Genetics & Genome Biology Program, The Hospital for Sick Children, Toronto, ON M5G 1X8, Canada; The Centre for Applied Genomics, The Hospital for Sick Children, Toronto, ON M5G 1X8, Canada.
Stem Cell and Cancer Research Institute, Department of Biochemistry and Biomedical Sciences, McMaster University, Hamilton L8S 4L8, Canada.
Stem Cell Reports. 2018 Nov 13;11(5):1211-1225. doi: 10.1016/j.stemcr.2018.10.003. Epub 2018 Nov 1.
Autism spectrum disorder (ASD) is phenotypically and genetically heterogeneous. We present a CRISPR gene editing strategy to insert a protein tag and premature termination sites creating an induced pluripotent stem cell (iPSC) knockout resource for functional studies of ten ASD-relevant genes (AFF2/FMR2, ANOS1, ASTN2, ATRX, CACNA1C, CHD8, DLGAP2, KCNQ2, SCN2A, TENM1). Neurogenin 2 (NGN2)-directed induction of iPSCs allowed production of excitatory neurons, and mutant proteins were not detectable. RNA sequencing revealed convergence of several neuronal networks. Using both patch-clamp and multi-electrode array approaches, the electrophysiological deficits measured were distinct for different mutations. However, they culminated in a consistent reduction in synaptic activity, including reduced spontaneous excitatory postsynaptic current frequencies in AFF2/FMR2-, ASTN2-, ATRX-, KCNQ2-, and SCN2A-null neurons. Despite ASD susceptibility genes belonging to different gene ontologies, isogenic stem cell resources can reveal common functional phenotypes, such as reduced functional connectivity.
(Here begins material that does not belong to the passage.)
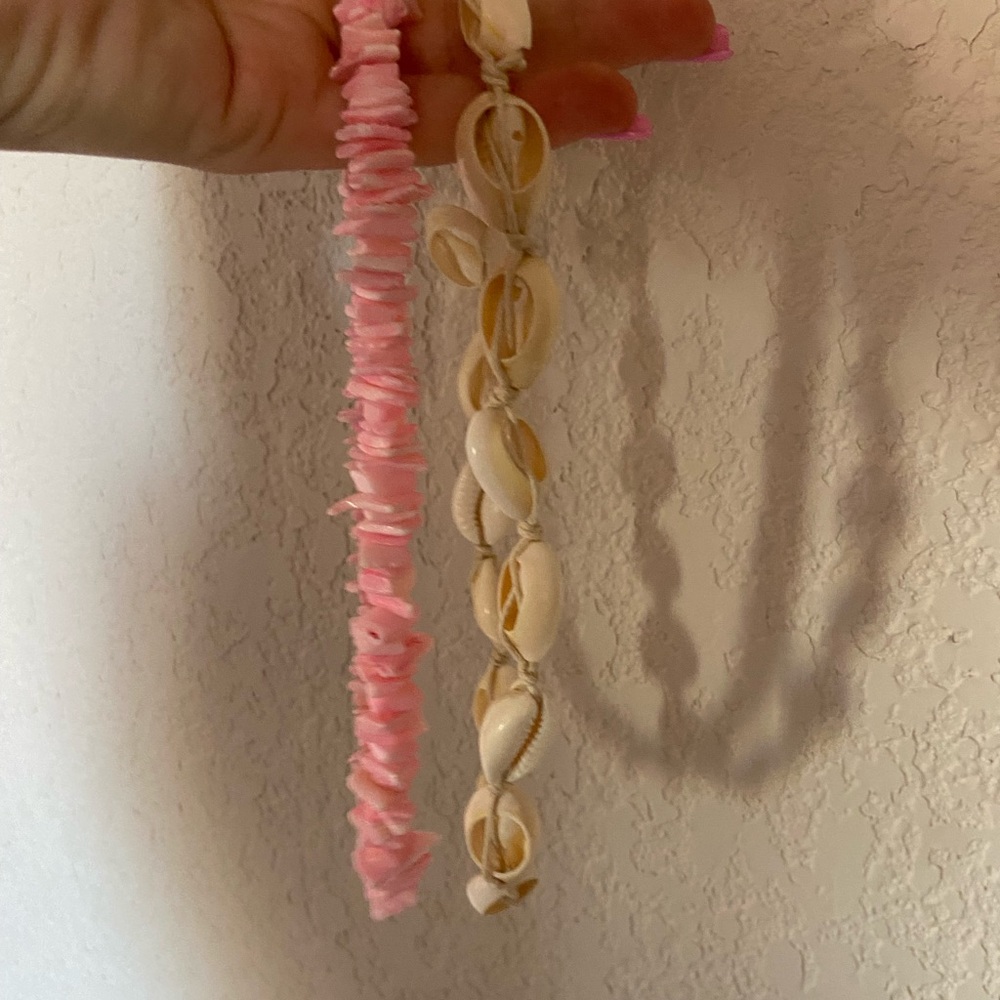 Super cute beachy necklaces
自闭症谱系障碍(ASD)在表型和遗传上具有异质性。我们提出了一种 CRISPR 基因编辑策略,用于插入蛋白标签和提前终止位点,从而创建一个诱导多能干细胞(iPSC)敲除资源,用于研究十个与 ASD 相关的基因(AFF2/FMR2、ANOS1、ASTN2、ATRX、CACNA1C、CHD8、DLGAP2、KCNQ2、SCN2A、TENM1)的功能。神经基因 2(NGN2)定向诱导 iPSC 允许产生兴奋性神经元,并且无法检测到突变蛋白。RNA 测序揭示了几个神经元网络的趋同。使用膜片钳和多电极阵列方法,不同突变测量的电生理缺陷是不同的。然而,它们最终导致突触活动的一致减少,包括 AFF2/FMR2、ASTN2、ATRX、KCNQ2 和 SCN2A 缺失神经元中自发兴奋性突触后电流频率的降低。尽管 ASD 易感基因属于不同的基因本体论,但同基因干细胞资源可以揭示常见的功能表型,例如功能连接减少。